Department of Biotechnology, Beijing Institute of Radiation Medicine, Beijing 100850.
Department of Information, The 188th Hospital of Chaozhou, Chaozhou 521000.
Bioinformatics. 2017 Jul 1;33(13):1930-1936. doi: 10.1093/bioinformatics/btx105.
Enhancer elements are noncoding stretches of DNA that play key roles in controlling gene expression programmes. Despite major efforts to develop accurate enhancer prediction methods, identifying enhancer sequences continues to be a challenge in the annotation of mammalian genomes. One of the major issues is the lack of large, sufficiently comprehensive and experimentally validated enhancers for humans or other species. Thus, the development of computational methods based on limited experimentally validated enhancers and deciphering the transcriptional regulatory code encoded in the enhancer sequences is urgent.
We present a deep-learning-based hybrid architecture, BiRen, which predicts enhancers using the DNA sequence alone. Our results demonstrate that BiRen can learn common enhancer patterns directly from the DNA sequence and exhibits superior accuracy, robustness and generalizability in enhancer prediction relative to other state-of-the-art enhancer predictors based on sequence characteristics. Our BiRen will enable researchers to acquire a deeper understanding of the regulatory code of enhancer sequences.
Our BiRen method can be freely accessed at https://github.com/wenjiegroup/BiRen .
shuwj@bmi.ac.cn or boxc@bmi.ac.cn.
Supplementary data are available at Bioinformatics online.
增强子元件是 DNA 中的非编码片段,在控制基因表达程序中起着关键作用。尽管人们付出了巨大努力来开发准确的增强子预测方法,但在哺乳动物基因组的注释中,识别增强子序列仍然是一个挑战。其中一个主要问题是缺乏针对人类或其他物种的大型、足够全面和经过实验验证的增强子。因此,基于有限的经过实验验证的增强子开发计算方法,并破译增强子序列中编码的转录调控代码是当务之急。

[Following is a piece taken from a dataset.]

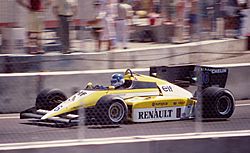 Archivo:Derek Warwick Renault RE50 1984 Dallas F1
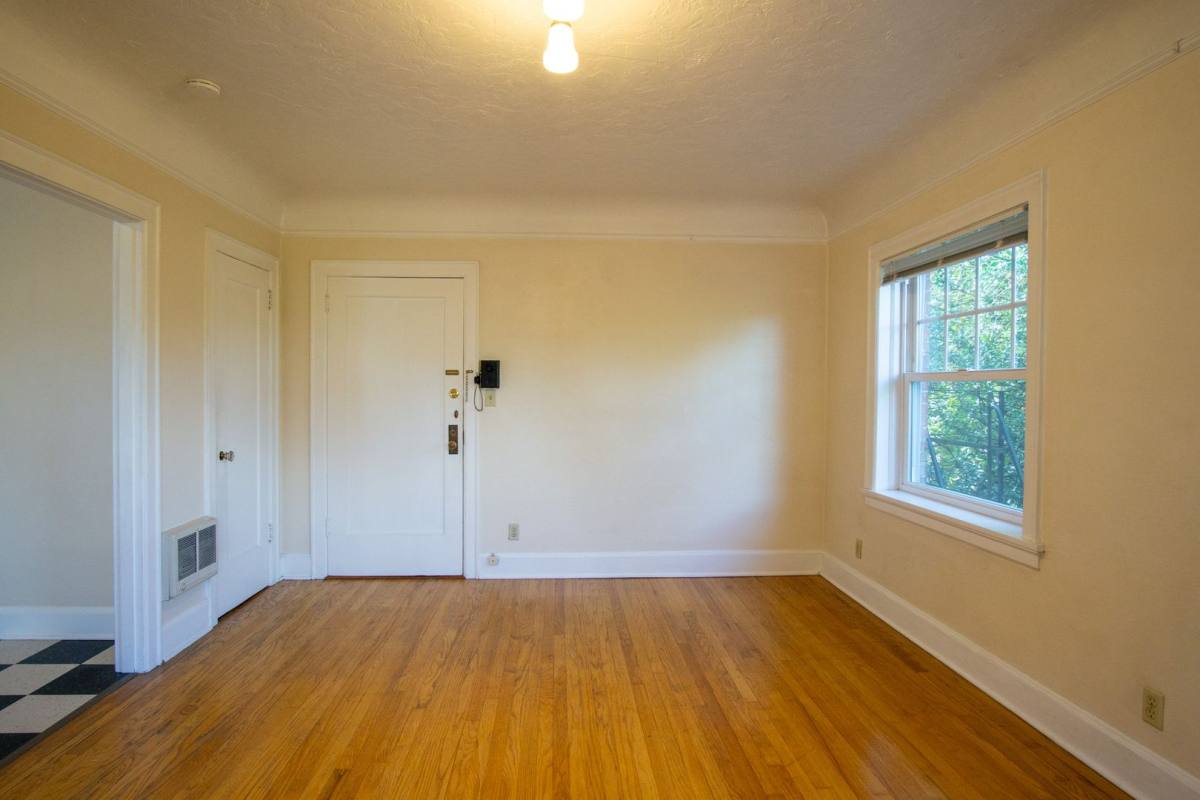 Apartment for rent at 1525 NE 24th Ave, Portland, OR 97232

我们提出了一种基于深度学习的混合架构 BiRen,它仅使用 DNA 序列来预测增强子。我们的结果表明,BiRen 可以直接从 DNA 序列中学习常见的增强子模式,并且在增强子预测方面相对于基于序列特征的其他最先进的增强子预测器具有更高的准确性、鲁棒性和通用性。我们的 BiRen 将使研究人员能够更深入地了解增强子序列的调控代码。
我们的 BiRen 方法可以在 https://github.com/wenjiegroup/BiRen 上免费访问。
shuwj@bmi.ac.cn 或 boxc@bmi.ac.cn。
补充数据可在生物信息学在线获得。